In order to keep Dad in his home on his own, we needed to get Dad the life alert system.   Because we absolutely want him to have a hands-free intercom into which he can yell if HE has fallen and can’t get up.

Life Alert still has its quirks.  One of the selling points for the product is that there is a total refund if the person dies within 3 years of signing-up for the service.  No questions asked. Other than maybe, “may we see the death certificate?”  So, actually, at least one question asked.

Sounds like a stupid business model, since people who get Life Alert are not in the best of shape when signing-up for the service.  What will that person need with the money?  The person is DEAD.  Maybe the company banks on the fact that no one will remember about the money-back guarantee.  I guess it is a shrewd calculation about the probability of dementia afflicting the survivors rather than the probability of an aged, infirm person surviving another three years.

I went to Dad’s house today to have lunch and to try to reintroduce him to the Internet.  About once a month, we try this.  He doesn’t type well, so he is unlikely to send an email.  He can’t get the hang of the left click/right click, one-click/two-click protocols even though he was previously able to navigate them.

We spent an hour practicing getting in and out of Google, getting in and out of email, etc.  He would set up the email and I would type for him.  Then he would click send a few extra times.  We sent (mostly unintentionally) multiple emails to SOB and BOB.  They responded.  Uh oh.  Now what?  “Dad, do you remember which is the reply icon?”  He nodded.  “Great, now click.”  “Dad, click once.  ONCE.  only ONCE.  Ok Ok ok ok ok ok ok.
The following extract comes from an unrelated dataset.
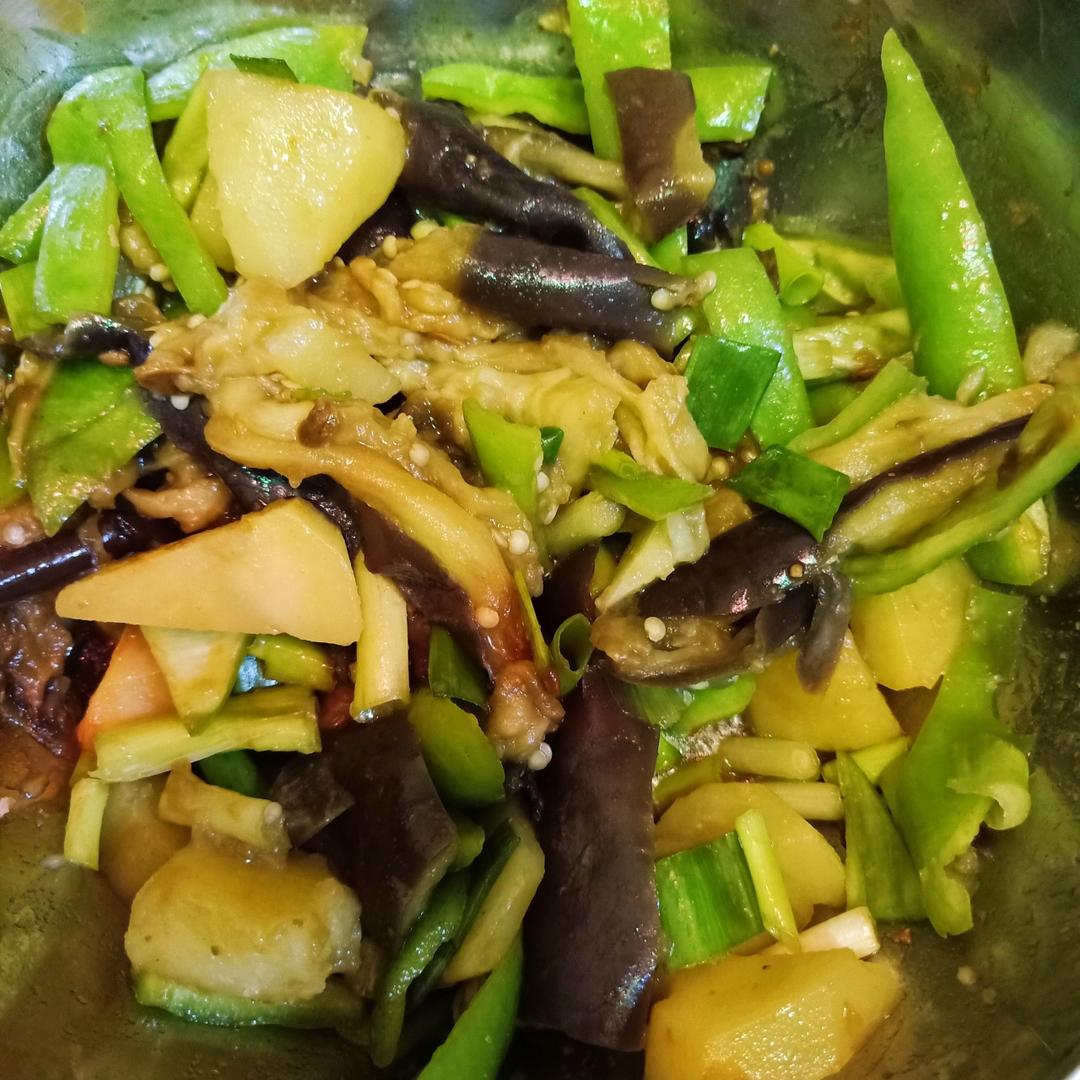 土豆拌茄子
Let me get us back to the right screen.”  And so it went.

SOB emailed me, “I am plunking down a cool million that by tomorrow he will be blaming something about the computer that is not allowing him to send or pick up his emails.”  So, I called Dad and said, “remember to try again a few times tonight to make sure you have the email and Google thing down.”  Either he will declare defeat tonight (and then I win the bet) or he will make it work and not try again until Monday (in which case I win the bet).  Insider information.   SOB uses her powers for good.  Me, not so much.

Time for a nap.  Tomorrow, POB, SOS and I are taking Dad to the Met to look at the new American Wing.  More bloggable moments.